Why do some people hang onto bitterness?
They think that to forgive means letting the other person off the hook. To forgive means they must remove all consequences from the other person.
That, of course, is mistaken thinking.
For example, one can have a forgiving spirit while bringing the full weight of the law to bear against the other person.
Let’s take an extreme example. A mother can have a forgiving spirit toward her son who robbed a bank to get money for his drug addiction. Her forgiving spirit does not prohibit her from contacting the police to inform them of what he did.
She can say to her son, “I have forgiven you totally, but my love and respect for who I believe you to be compelled me to do what was clearly best for you and that was to allow you to suffer the consequences of your wrongdoing and be placed in a rehab facility.”
There is no contradiction with a mother’s forgiving spirit and the enactment of consequences toward her son.
This is huge to understand since some erroneously conclude that to insure justice they must be unforgiving in spirit. But it is a false idea to believe bitterness empowers us long term.
The truth is, we are empowered by wisdom, love, respect and the determination to do what is best for the other person. Bitterness will not do what is best for the other.
A key element to understand, of course, is not to allow a forgiving spirit to turn one into a passive person who enables the other person to keep on sinning.
So, too, we must focus more on ourselves. A forgiving spirit evidences the kind of person we choose to be.

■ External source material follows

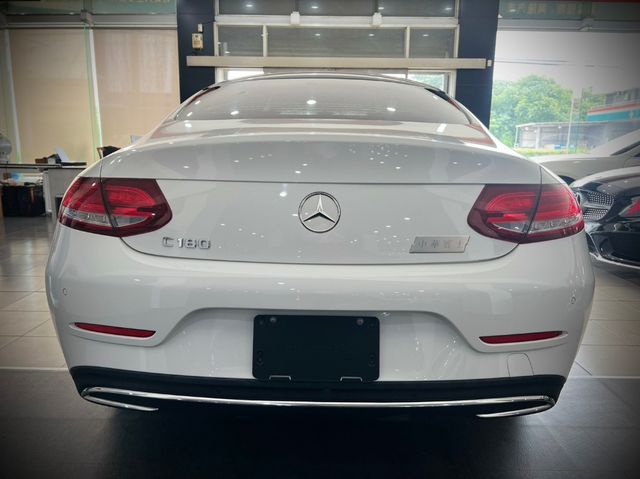 M-BENZ賓士 C180  第2張相片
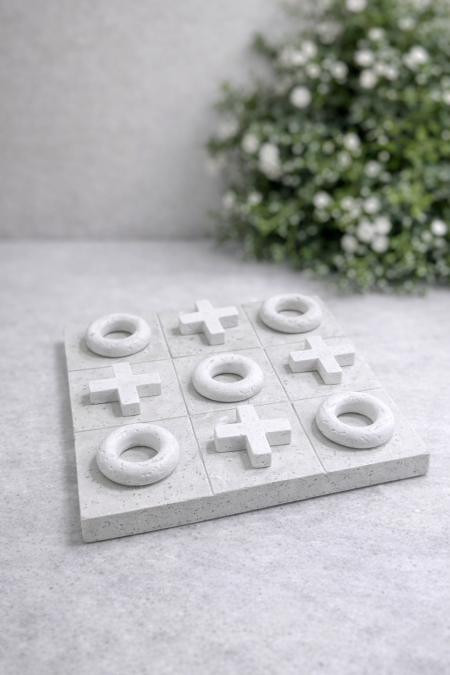 لعبة إكس-أو ديكور أنيقة 🤍✨ تصميم حجري أبيض بلمسة عصرية، تجمع بين التسلية والستايل في قطعة واحدة. مثالية لطاولة الضيافة أو هدية راقية تضيف فخامة لأي مساحة 🏡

This is important since, in our example, some boys will pull a guilt trip on mom saying. “If you really have forgiven me, you will trust me and won’t keep asking me what I am up to.”

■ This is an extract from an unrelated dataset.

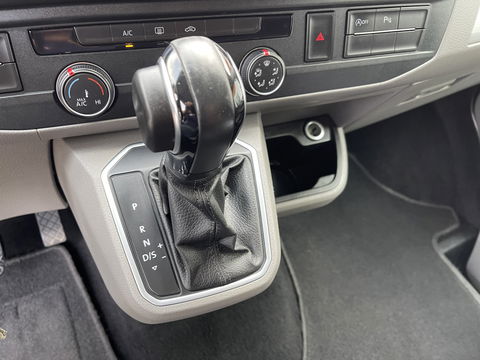Volkswagen Transporter 2.0 TDI 150pk DSG automaat L2H1 30 DC 5 persoons Bulli / nieuwe koppeling vliegwiel / vaste prijs rijklaar € 32.950 ex btw / lease vanaf € 538 / leer / 19 inch wielen / dubbele schuifdeur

She does not have to prove anything. He is the one who did wrong. If she needs to prove anything it is that she loves and respects her son too much to enable him to keep doing what he did wrong before. As President Reagan used to espouse: Trust, but verify.
“But Emerson, I struggle with having a forgiving spirit.”
Let me share two fundamental Biblical truths.
First, the Bible says in Hebrews 12:15, “See to it that no one comes short of the grace of God; that no root of bitterness springing up causes trouble, and by it many be defiled.”
Note that bitterness (i.e. an unforgiving spirit) does not eliminate trouble but causes trouble. In fact, a person becomes defiled by his own bitterness.
If you have ever had someone break into your home while you were gone and go through your belongings and steal things, you know what it feels like to be defiled.
Similarly, your own bitterness breaks into your spirit and defiles you. It also spills over onto friends and family members. It defiles many.
Nothing good comes of an unforgiving spirit.
Second, such long term resentment subjects a believer in Christ to demonic attack and undermines one’s close fellowship with Christ.
We read in Ephesians 4:26, 27,
“Be angry, and yet do not sin. Do not let the sun go down on your anger, and do not give the devil an opportunity.”
Note that Satan takes advantage of prolonged and nursed anger.
Paul references the same idea with the Corinthians. We read in 2 Corinthians 2:10,11,
“But one whom you forgive anything, I forgive also; for indeed what I have forgiven, if I have forgiven anything, I did it for your sakes in the presence of Christ, so that no advantage would be taken of us by Satan, for we are not ignorant of his schemes.”
Again, an unforgiving spirit gives Satan access to us in ways that he would not if we let go of the resentment.
Literally, at the end of the day (i.e. before the sun sets) this is not about the offensive party. This is about a believer in Jesus Christ letting the devil have a foothold in his heart.
Satan cannot possess a believer, but he can oppress the follower of Jesus. He can intensify anger, undermine relationships and reputation, and cause one to fall short of receiving all the grace from God that otherwise would have come.
I do not know how to paint an exact picture of all that painful realities surrounding a bitter soul, but I wouldn’t mess with bitterness just because I cannot fully imagine the downside.
For certain, a forgiving spirit need not let the offensive person off the hook, but an unforgiving spirit appears to put me on a hook. True?